Immer mächtiger und die Atmosphäre beherrschender werden die Geräusche der Natur und immer schwächer und ferner klingend der Lärm des Stadtlebens. Der Gesang von exotischen Vögeln verbreitet eine "paradiesische" Stimmung.
Die seitlich des Tales aufsteigenden vulkanischen und porösen Felswände werden mit jedem Meter den man ins Tal eindringt steiler und höher – bis man sich plötzlich in einer Art Canyon wiederfindet. Über diesen Felsen liegen riesige von Antennen und Satelitten "verzierte" Wohnblöcke der Stadtviertel San Roque und San Nicolas. Behausungen der Moderne. In den direkt darunter liegenden Felsen sind die "Wohnungen" der Ureinwohner Gran Canarias, uralte Höhlen in den schwindelerregenden Flanken des Canyons liegend, zu finden.
Kaum zu glauben, dass man sich nur wenige hundert Meter entfernt von der lärmenden und pulsierenden, fast 400.000 Einwohner zählenden Hauptstadt der kanarischen Inseln befindet.
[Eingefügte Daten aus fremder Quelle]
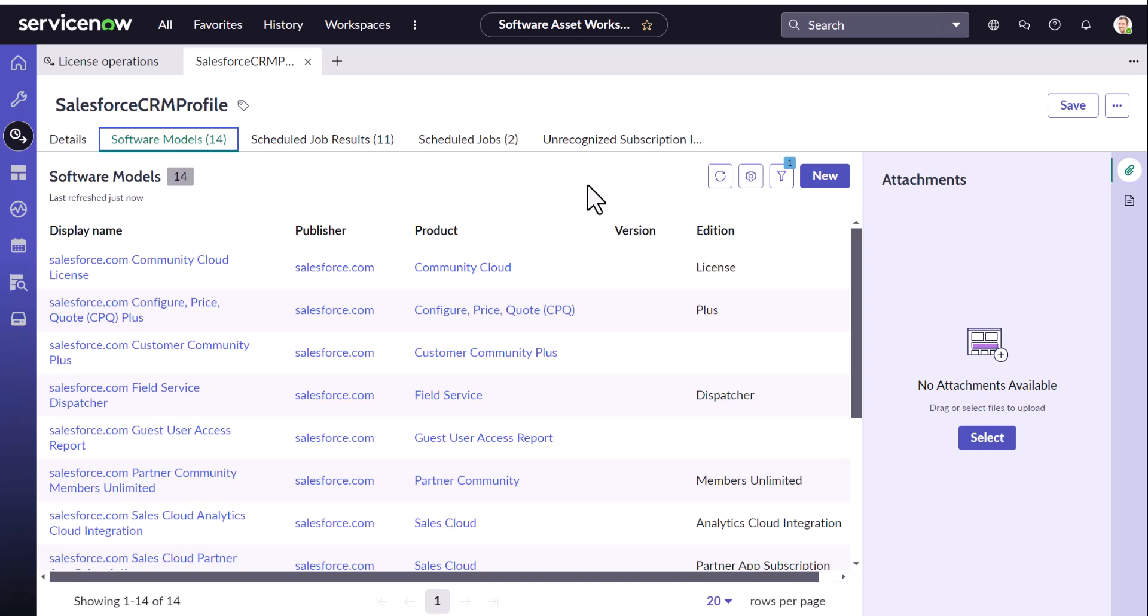We may want to ensure the integration has happened first so that you have in front of you all the software model that is actually subscribed in the source portal. In this case CRM and then you can decide how to load the entitlements.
Was man im Grosstadt-Dschungel oft vergisst, nämlich dass man sich auf Gran Canaria befindet, welche ein einzigartige Flora und Fauna beheimatet, wird einem hier wieder bewusst. Nimmt man sich Zeit die Umwelt genau zu beobachten, merkt der Mitteleuropäer dass ihm die wenigsten Pflanzen aus der Heimat bekannt sind. Vorsichtig und respektvoll überlegt man sich zweimal welche Pflanzen man angreift, denn sie könnten ja giftig sein …
Verwahrloste, zaundürre und winzige Hunde, kaum grösser als eine Katze, starren still und verängstig von den die Bananenplantagen abschirmenden Steinmauern. Starrt man zu lange ins Hundeauge oder nähert man sich zu sehr der Plantage holen die kleinen, fast Mitleid erregenden Wollknäuel durch ihre Gejaule schnell ihren mehr als Respekt einflössenden grossen Bruder zu Hilfe: einen rund 100 kg schweren Schäferhund, dessen Blick einen schnell und wortlos zum Weitergehen überredet.
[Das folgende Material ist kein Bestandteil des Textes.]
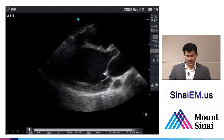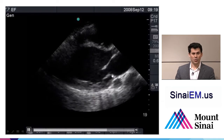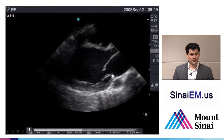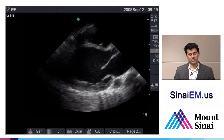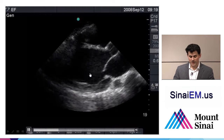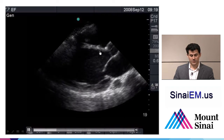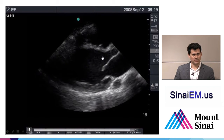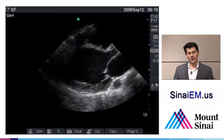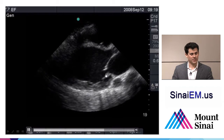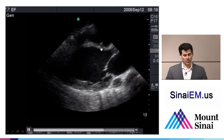Next, look at the mitral valve — the conduit between the left atrium and left ventricle. It should open fairly wide in a normal person as a large amount of blood rushes in to fill the empty ventricle during diastole. If a lot of blood rushes in, the mitral valve opens wide and the anterior leaflet should get very close to the septum. This concept is called E-point septal separation. In this case, the mitral valve is opening just a little bit, not getting anywhere near the septum — another sign of poor contractility.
Viele der Plantage und einfachen Landhäusersind heute nicht mehr bewirtschaftet beziehungweise bewohnt. Die Zeit nagt an diesen Werken des Menschen und die Natur erobert mit jedem Jahr ein Stück Kultur zurück. Verrostete Türschlösser, bröckelnde Mauern, verrottende, abgestorbene Palmen, ausgebrannte Busse und Autowracks sorgen für eine morbide und geheimnissvolle Stimmung, die nicht einer gewissen, seltsamen Schönheit entbehren.
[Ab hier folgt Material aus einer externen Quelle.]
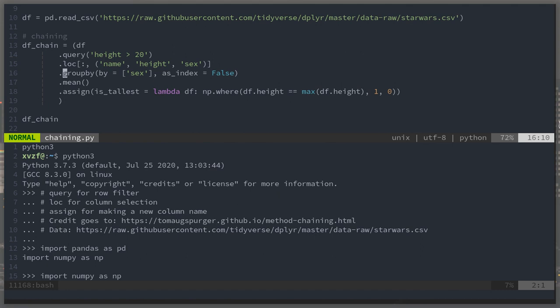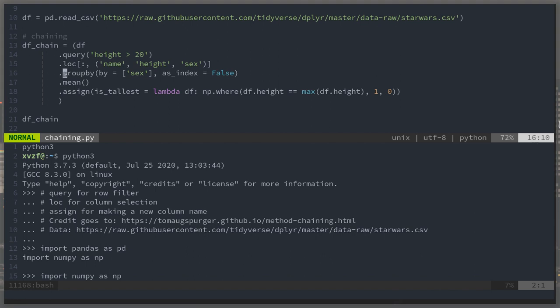Then of course, groupby, where I have as_index equals false. I think that makes downstream processing a little bit more straightforward. And finally, I use assign to make new columns. With just this small handful of methods, I think you can get quite a bit done in a very clean way.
Nach rund eineinhalb Stunden Fussmarsch, gelangen wir an eine riesige Autobahnbrücke, die den Canyon überspannt. Unterhalb der Brücke führt eine Strasse aus dem Tal auf die Anhöhe, auf der das Vorstadtviertel "Casablanca 3" liegt. Von hier aus kann man einen den Ausflug abschliessenden traumhaften Blick über den gesamten Barranco de Guiniguada werfen. Auch der Blick auf das östlich liegenden Stadtviertel "San Roque", dass aus dieser Perspektive auf einem Felsen vor dem Atlantik trohnt, ist wirklich sehenswert.
Für die Rückreise empfiehlt es sich, von Casablanca 3 aus den Stadtbus zurück in Richtung Triana (Linie 8 oder 84) oder in Richtung Santa Catalina (Linie 81) zu nehmen.